With Ed Banger et al, the vibe is that of a rock gig, with all the scuzzy energy and bad, crackly PA sound that entails – you can just about smell the sweat and beer. Mondkopf is definitely chasing a different collective mode, communion rather than conviviality, the religiosity of rave (Justice cover that to an extent, but there it’s mock-awe, really, the crucifix as trash icon). So the frequencies are wider, clear of mid-range fastidiousness; there are rich bass pads that, in a live setting, no doubt resonate through your bowels, just slightly crunchy boom-bap beats, and music box melodies given the Aphex Twin/Boards of Canada through-frosted glass-window treatment.
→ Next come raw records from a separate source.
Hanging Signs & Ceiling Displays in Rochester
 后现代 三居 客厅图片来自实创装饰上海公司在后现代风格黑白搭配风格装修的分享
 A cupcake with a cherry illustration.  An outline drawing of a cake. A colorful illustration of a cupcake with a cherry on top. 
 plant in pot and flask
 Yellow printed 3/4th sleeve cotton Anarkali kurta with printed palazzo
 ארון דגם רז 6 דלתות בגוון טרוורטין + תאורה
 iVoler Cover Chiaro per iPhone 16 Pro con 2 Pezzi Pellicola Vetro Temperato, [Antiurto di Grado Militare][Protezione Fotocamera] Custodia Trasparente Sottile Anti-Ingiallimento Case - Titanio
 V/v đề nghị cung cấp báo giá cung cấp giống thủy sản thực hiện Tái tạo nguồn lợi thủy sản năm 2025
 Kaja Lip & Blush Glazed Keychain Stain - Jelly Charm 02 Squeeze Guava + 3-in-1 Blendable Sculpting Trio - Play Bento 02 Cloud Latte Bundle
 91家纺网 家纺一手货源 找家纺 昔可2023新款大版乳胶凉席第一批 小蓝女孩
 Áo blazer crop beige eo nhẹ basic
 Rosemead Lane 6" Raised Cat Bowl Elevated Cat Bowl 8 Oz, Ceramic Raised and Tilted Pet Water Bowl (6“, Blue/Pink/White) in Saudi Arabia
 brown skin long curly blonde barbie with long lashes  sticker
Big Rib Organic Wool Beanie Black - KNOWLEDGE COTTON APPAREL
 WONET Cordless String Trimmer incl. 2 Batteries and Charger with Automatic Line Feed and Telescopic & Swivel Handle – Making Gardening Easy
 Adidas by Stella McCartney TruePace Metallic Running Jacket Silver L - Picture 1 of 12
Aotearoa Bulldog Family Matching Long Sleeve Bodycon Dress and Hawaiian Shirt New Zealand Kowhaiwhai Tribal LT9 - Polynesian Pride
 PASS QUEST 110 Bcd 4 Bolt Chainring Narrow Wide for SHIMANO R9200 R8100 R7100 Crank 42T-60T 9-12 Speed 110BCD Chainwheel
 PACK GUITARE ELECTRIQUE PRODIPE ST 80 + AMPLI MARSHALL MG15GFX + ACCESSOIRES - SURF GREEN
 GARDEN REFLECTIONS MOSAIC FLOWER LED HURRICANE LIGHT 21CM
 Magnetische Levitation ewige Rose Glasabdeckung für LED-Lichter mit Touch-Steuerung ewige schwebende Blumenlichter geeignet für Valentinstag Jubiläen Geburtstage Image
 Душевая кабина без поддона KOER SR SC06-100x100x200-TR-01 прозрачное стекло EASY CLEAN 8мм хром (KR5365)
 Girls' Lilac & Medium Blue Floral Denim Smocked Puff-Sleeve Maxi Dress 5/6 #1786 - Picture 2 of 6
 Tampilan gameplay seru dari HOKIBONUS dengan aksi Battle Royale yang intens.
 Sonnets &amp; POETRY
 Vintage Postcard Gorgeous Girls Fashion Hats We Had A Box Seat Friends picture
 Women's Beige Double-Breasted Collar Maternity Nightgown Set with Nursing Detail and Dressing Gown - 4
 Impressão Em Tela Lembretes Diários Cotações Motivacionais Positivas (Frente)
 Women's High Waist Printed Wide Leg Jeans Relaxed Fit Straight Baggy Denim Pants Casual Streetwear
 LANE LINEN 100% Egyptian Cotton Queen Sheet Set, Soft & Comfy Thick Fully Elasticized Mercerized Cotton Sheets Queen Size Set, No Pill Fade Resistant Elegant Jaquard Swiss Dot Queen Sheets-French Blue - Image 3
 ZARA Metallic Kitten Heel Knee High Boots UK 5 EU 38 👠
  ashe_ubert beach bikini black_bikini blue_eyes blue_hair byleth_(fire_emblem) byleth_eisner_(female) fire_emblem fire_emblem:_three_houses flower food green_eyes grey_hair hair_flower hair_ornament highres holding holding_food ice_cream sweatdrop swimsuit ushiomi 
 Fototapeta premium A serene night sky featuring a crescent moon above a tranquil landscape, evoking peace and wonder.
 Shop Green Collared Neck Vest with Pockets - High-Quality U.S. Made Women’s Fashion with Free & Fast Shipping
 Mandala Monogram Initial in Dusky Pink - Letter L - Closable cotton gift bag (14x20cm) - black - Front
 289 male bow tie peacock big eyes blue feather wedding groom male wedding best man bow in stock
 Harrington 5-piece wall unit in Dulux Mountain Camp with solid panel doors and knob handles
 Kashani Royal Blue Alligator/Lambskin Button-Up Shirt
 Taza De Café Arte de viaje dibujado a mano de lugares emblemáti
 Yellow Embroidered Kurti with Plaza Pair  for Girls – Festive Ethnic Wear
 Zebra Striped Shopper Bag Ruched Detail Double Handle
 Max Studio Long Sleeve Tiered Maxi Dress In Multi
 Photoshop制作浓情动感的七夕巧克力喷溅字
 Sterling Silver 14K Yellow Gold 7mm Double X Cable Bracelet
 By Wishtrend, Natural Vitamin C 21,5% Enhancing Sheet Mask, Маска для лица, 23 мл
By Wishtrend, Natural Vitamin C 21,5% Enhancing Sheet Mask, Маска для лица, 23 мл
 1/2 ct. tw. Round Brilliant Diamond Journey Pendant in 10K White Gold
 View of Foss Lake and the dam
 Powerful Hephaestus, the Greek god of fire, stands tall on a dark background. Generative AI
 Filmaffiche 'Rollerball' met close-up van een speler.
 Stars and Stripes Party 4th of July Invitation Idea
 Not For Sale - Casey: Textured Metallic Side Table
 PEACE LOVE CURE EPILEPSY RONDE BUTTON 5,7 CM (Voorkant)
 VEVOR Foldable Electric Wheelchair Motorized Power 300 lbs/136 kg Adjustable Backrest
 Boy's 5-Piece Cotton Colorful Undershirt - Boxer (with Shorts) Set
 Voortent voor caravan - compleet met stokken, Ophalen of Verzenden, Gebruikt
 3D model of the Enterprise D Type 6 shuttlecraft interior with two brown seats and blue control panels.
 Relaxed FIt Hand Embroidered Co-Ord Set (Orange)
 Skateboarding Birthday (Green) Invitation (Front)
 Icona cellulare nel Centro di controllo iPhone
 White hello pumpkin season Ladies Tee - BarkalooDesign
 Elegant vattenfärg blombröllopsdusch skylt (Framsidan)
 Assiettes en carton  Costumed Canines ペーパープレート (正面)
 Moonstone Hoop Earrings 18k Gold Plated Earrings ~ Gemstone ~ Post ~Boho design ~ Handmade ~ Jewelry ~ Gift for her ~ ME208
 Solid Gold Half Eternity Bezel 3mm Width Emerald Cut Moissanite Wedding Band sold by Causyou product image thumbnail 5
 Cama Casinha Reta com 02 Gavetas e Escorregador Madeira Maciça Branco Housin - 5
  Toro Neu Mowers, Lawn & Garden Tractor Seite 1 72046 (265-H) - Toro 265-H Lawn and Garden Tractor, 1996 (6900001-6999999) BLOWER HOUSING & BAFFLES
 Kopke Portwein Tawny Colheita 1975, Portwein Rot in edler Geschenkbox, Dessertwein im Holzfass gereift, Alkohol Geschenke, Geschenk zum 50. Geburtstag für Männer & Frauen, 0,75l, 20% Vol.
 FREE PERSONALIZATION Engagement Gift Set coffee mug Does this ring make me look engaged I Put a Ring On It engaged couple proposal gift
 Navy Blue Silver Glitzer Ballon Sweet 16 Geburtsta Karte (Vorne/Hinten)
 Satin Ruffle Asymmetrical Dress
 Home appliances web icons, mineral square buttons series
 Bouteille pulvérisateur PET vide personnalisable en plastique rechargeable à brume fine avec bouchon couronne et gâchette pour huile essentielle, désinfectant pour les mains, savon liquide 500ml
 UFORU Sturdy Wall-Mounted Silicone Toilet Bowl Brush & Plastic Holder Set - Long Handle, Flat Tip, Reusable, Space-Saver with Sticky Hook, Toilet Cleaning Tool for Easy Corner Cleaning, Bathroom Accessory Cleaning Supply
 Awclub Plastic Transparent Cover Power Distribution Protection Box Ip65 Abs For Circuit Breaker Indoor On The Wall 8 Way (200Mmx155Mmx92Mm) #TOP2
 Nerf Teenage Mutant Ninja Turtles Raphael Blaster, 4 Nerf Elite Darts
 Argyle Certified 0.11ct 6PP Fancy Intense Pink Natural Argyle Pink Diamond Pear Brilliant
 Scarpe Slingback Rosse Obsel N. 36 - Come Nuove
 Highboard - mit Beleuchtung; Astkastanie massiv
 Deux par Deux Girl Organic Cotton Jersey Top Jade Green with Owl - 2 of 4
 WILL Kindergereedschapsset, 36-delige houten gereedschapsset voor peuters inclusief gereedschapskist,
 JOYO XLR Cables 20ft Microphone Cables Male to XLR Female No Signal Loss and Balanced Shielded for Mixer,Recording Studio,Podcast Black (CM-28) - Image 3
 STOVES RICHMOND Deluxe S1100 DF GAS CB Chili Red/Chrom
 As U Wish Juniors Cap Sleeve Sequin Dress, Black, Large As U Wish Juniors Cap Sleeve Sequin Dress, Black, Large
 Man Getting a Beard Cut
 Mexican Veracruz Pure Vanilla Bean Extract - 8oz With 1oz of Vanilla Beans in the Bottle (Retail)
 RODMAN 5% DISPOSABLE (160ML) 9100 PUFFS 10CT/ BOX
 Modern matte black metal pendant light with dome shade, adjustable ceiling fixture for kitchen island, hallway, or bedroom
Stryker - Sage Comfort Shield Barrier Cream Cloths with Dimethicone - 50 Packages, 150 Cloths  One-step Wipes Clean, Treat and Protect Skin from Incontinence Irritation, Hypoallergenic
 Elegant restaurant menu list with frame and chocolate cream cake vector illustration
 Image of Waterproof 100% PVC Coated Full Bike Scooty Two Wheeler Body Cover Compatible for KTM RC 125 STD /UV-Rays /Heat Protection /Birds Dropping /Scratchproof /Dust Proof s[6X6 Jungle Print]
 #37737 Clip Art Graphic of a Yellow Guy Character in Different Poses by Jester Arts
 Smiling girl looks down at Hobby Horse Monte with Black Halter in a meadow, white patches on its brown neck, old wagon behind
The opening pair of tracks, ‘Bain Du Matin’ and ‘La Dame En Bleu’ set out the album’s hymnal tone and closer ‘Ave Maria’ nails it explicitly. Sometimes he’s pushing that connection too hard, with what sound like sampled choral voices on ‘Lambs Are Dancing’ – we’ve been there many times before (Orbital, The Beloved) – and there are several moments where, at least as a home-listening experience, ‘Galaxy of Nowhere’ seems to teeter on the brink of empty monumentalism (in the right setting, and at the right volume, this might translate into genuine power). But plenty here works a treat, like the way the near-Euro-trance jauntiness of ‘Scream of Stars’ is offset by eerie peals of feedback, or the contemplative spaces of ‘Music for My Room’ (literally chambre music). With Eno, Glass, Aphex Twin, Modeselektor and Boards of Canada as masters, Mondkopf achieves an elegant synthesis of his influences.